Et soudain un petit point coloré vient vers moi, c’est Isa qui est venu à ma rencontre, pil-poil au bon moment, alors certes mon allure ne change pas mais sa présence et nos papotages me font vite oublier que je commence à être dans le dur. Chemin faisant sans changement de tempo les Saintes Maries arrivent plus vite. Sur la piste nous croisons un gros 4×4 BM, au volant Marie Sarah « machin » la « fameuse » toréador qui sans ralentir souleva un joli nuage de poussière en nous frôlant, comme quoi quand on ne respecte pas les animaux on ne respecte pas les hommes non plus. A l’entrée de la ville Isa me lâche pour aller chercher mon sac à la voiture et c’est elle qui se fait acclamer par la foule présente aux portes de la ville, elle a beau leur faire mais non je ne cours pas, vu qu’elle est quand même en train, les gens ne la différencient pas et l’encouragent plus que moi qui la suis à une vingtaine de mètres maintenant. Passage au marathon 3h50, aïe ça va faire mal, je réalise maintenant en ayant ce repère que la première partie a été faite trop rapidement. Bon je ferais le point plus tard la now … C’est base de vie avec pâté, saucisson, et autres ripailles. J’en profite aussi pour me rincer, changer de tee-shirt sans me soucier de mon voisin qui regarde sans cesse sa montre et lance à sa compagne « j’ai encore 4 minutes vite passe moi la barre de céréale… » puis se tournant vers moi « et toi tu prends combien ? » mais qu’est ce qu’il dit lui ? « euh moi ? Bah je pars quand je suis prêt » non mais sans dec, c’est pas la Spartan là ! Un petit sandwich au pâté dans la main et me voilà reparti en direction du bac du sauvage 7km plus loin. Me revoilà seul face à la Camargue sur une piste ornée de roseaux, quelques concurrents me remontent, mon allure continue de baisser et mes jambes s’alourdissent de foulées en foulées. Un peu de musique, nan ! Rien n’y fait la motivation baisse, il me reste un peu moins de 60km, la plage du grand radeau, Listel, Aigues Mortes…
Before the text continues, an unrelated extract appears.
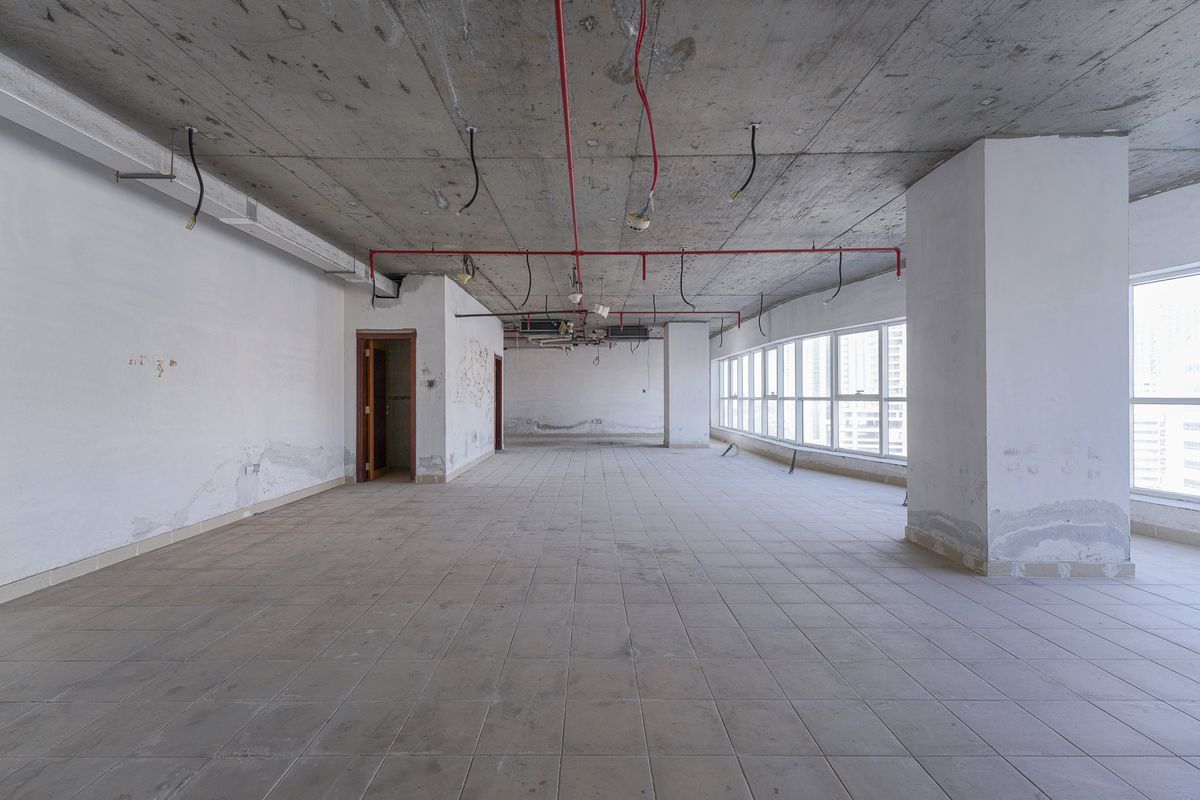 Коммерческая недвижимость в Шардже, ОАЭ, 169 м² - фото 8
Je fait mentalement le circuit du périple restant à accomplir, ça ne va pas passer, peut-être devrais-je stopper au bac où il y aura Isa… Hola jeune effronté, tu ne vas pas te laisser abattre par ça, pense à Laurent et aux benévoles qui t’ont concocté un superbe parcours, pense à Isa qui est sur le pont depuis le matin, pense à Matthis et à Marin qui sont si fiers à chacune de tes arrivées, pense à la CimAlpFamily qui est derrière et te fait confiance, pense à toute la team PapyCoach qui doit suivre ton odyssée derrière un ordi… Pense à toi même, jamais tu n’as stoppé une course alors ce n’est pas pour caler aujourd’hui, on se remet en selle et on se dit juste qu’il n’y a pas d’autre alternative que d’arriver à Vauvert dans les clous, peu importe la manière, on y est on y reste ! J’alterne alors bons nombres de phases de marche et de course limaçonesque, mais peu à peu j’avance, je réduis la distance et le Bac arrive enfin. Sur place je m’assoie et me masse les jambes avec ma lotion miracle (c’est du baume du tigre blanc). Pendant un quart d’heure je reste assis regardant le premier bac s’échapper, un petit direct avec le téléphone, le sourire revient, les jambes se décontractent, le moral remonte, il me reste 55km ! A ce moment là je sais que ça va aller au bout. Plus de doute, j’enfourche le Bac suivant (c’est une image hein !) I am the king of the world ! Je me suis bien refait la cerise ! Je regarde Isa s’éloigner, rendez-vous dans 33km … Le Rhône traversé me voici, avec mes jambes encore un peu mâchée mais avec l’envie d’en découdre, sur l’autre rive. YaPluKa !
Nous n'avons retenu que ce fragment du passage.